Der Breitbandausbau ist jetzt gesichert
Das Land schüttet hohe Millionensummen aus – Was das am Beispiel Kißleggs bedeutet
- Lange hatten die Städte und Gemeinden gebangt, jetzt aber ist es endgültig fix: Nach dem Bund steckt das Land ebenfalls hohe Millionensummen in den Breitbandausbau. Damit sollen künftig auch in großen Flächengemeinden nahezu alle Weiler und Höfe mit schnellem Internet versorgt werden – zum Beispiel in Kißlegg.
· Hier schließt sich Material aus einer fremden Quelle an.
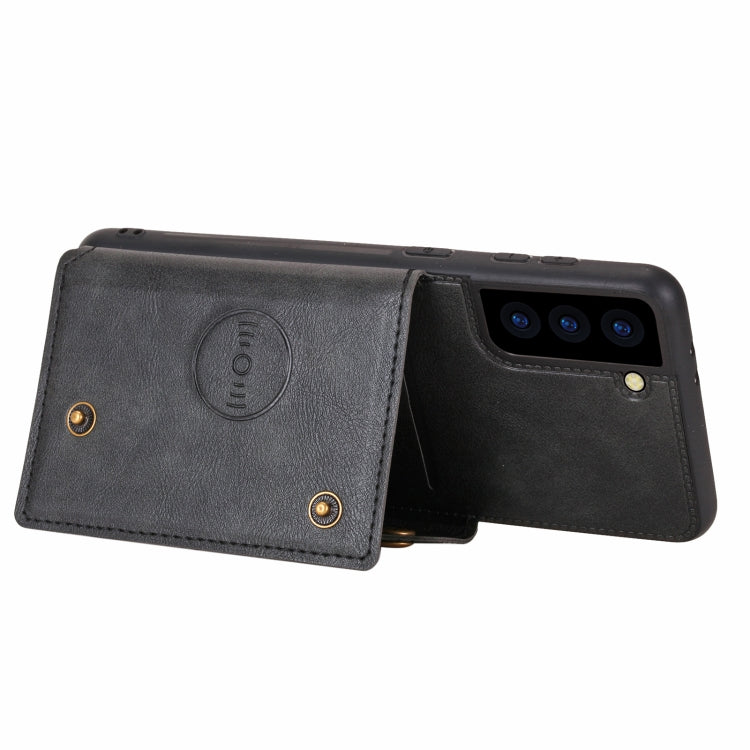 For Samsung Galaxy S21 FE Double Buckle PU + TPU Shockproof Magnetic Protective Case with Card Slot & Holder(Black)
Die Gemeinde hat eine sehr große Fläche, der Breitbandausbau für alle Haushalte ist deshalb entsprechend teuer. Auf gut 34 Millionen Euro beziffert Kämmerer Roland Kant das dafür notwendige Finanzvolumen. Eine Summe, die für Kißlegg allein natürlich nicht stemmbar ist. Daher ist man auf Zuschüsse angewiesen.
Schön länger ist klar, dass der Bund die Hälfte dieser Kosten übernimmt; der entsprechende Bewilligungsbescheid liegt bereits seit rund einem Jahr im Rathaus. Bis jetzt warten musste die Verwaltung indes auf den Beitrag vom Land. Das hat dieser Tage aber bekannt gegeben, gut 13,4 Millionen Euro und damit weitere 40 Prozent der Kosten zu übernehmen. An der Gemeinde bleiben somit lediglich drei bis dreieinhalb Millionen Euro hängen. Dem Breitbandausbau steht finanziell also grundsätzlich nichts mehr im Wege.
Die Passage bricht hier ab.